Is your Operation “Teamworthy”?

Working at JETPUBS has its perks. For instance, every Friday during the lunch hour, the team gathers into the office conference room to watch the witty crime show Leverage. It’s not just any crime show, however; it actively captures a range of audiences by eliminating gory crime scenes, heightening witty banter amongst characters, and focusing on restoring integrity to victims while administering underhanded justice to the perpetrators. Leverage follows a skilled team of redeemed criminals as they use their hacking, thieving, grifting, and fighting talents to take down corporate monsters for injustices committed on ordinary people. The team works seamlessly together by relying on each person’s strengths, communicating with one another, and remaining flexible and confident under pressing deadlines that concern people’s well-being and very lives. Though the JETPUBS team enjoys this bonding time and a short break from office work, watching Leverage has provided an example of successful teamwork for all in the office to emulate.

In each episode, the team meets their “client,” an ordinary person recently fallen victim to corporate greed or political egoism. They begin by gathering all relevant information on the case, discussing the possibilities for action, and formulating a plan—always with an end goal in mind—with the team’s leader quickly delegating tasks to each group member. All members fully embrace their role in the job, because each person is confident in their ability to carry it out based on their experience and strengths. In the instance where a team member is unhappy with her role in the “project,” she continues fulfilling the task as a given responsibility required to keep the system flowing smoothly. Similarly, when a team member adamantly doubts his ability to carry out the given assignment because of the risks involved, the other team members confirm—with equal strength and fervor—how crucial the hesitant person is to the team. In all cases, the team trusts one another deeply, and is required to do so to carry out the job to completion.

In the same way, team members within an operation in any industry must rely on each person’s strengths and commitment to carrying out their portion of the project for the sake of the entire team. Surely, in the episodes of Leverage, the failure of one means the failure of the entire five-person team, and thus, each person is responsible for the entire team’s success and well-being. For many in today’s workforce, operations are large enough for multiple people to take the fall for a mistake, but even so, each member of the team must apply his/her strengths, experiences, and expertise to each project, all the while affirming the necessity of each team member’s role in the system, to experience true and fulfilling success.
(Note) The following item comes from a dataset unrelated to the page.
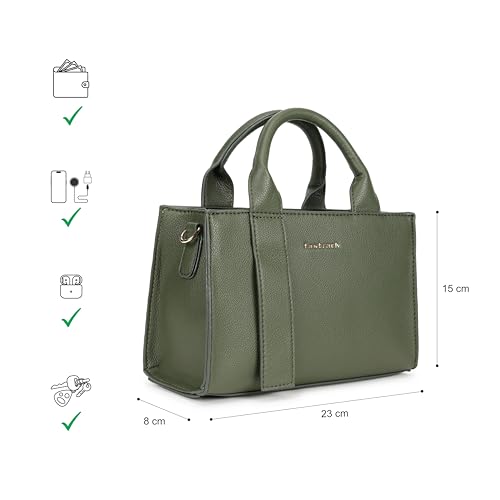 Fastrack Chic Olive Satchel Bag | Faux Leather Handbag with Zip Closure | Spacious Compartment with Organizer Pockets | Dual Carry Satchel with Top Handles & Detachable Adjustable Strap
The Leverage characters also exhibit commendable problem solving and decision making skills, usually under stringent restrictions and amidst erratic variables. In last Friday’s episode, the team’s plan to mentally influence its “mark” through a fabricated trance went horribly wrong when its target awoke and walked in on the team’s observation room. On a moment’s notice, the team was forced to improvise and fully trust its skilled team member to make the right decision. They typically leave personal biases aside and focus on the facts in front of them. At times when personal opinions do cloud decisions, other team members step in to question the accuracy of thought and speech. In all instances, communicating all details, even the mistakes, lapses in judgment, and unforeseen events, is crucial to the success of the job, as it requires the team to move together in a different direction and quickly improvise.

These qualities and traits appear natural to those in Leverage, perhaps because the story is fictional. Still, however natural or unnatural it may be, the teamwork exhibited in Leverage points to how teams should function in today’s operations. Effective communication, confidence in ability and strengths, prompt and logical decision-making, and trust in the entire team contributes greatly to the overall success of a project. Watching Leverage causes those at JETPUBS to consider whether they are “teamworthy” in their actions in and attitudes towards work. Are those in your operation living up to Leverage’s standard of successful teamwork?

– Rochelle Johnson, JETPUBS Inc.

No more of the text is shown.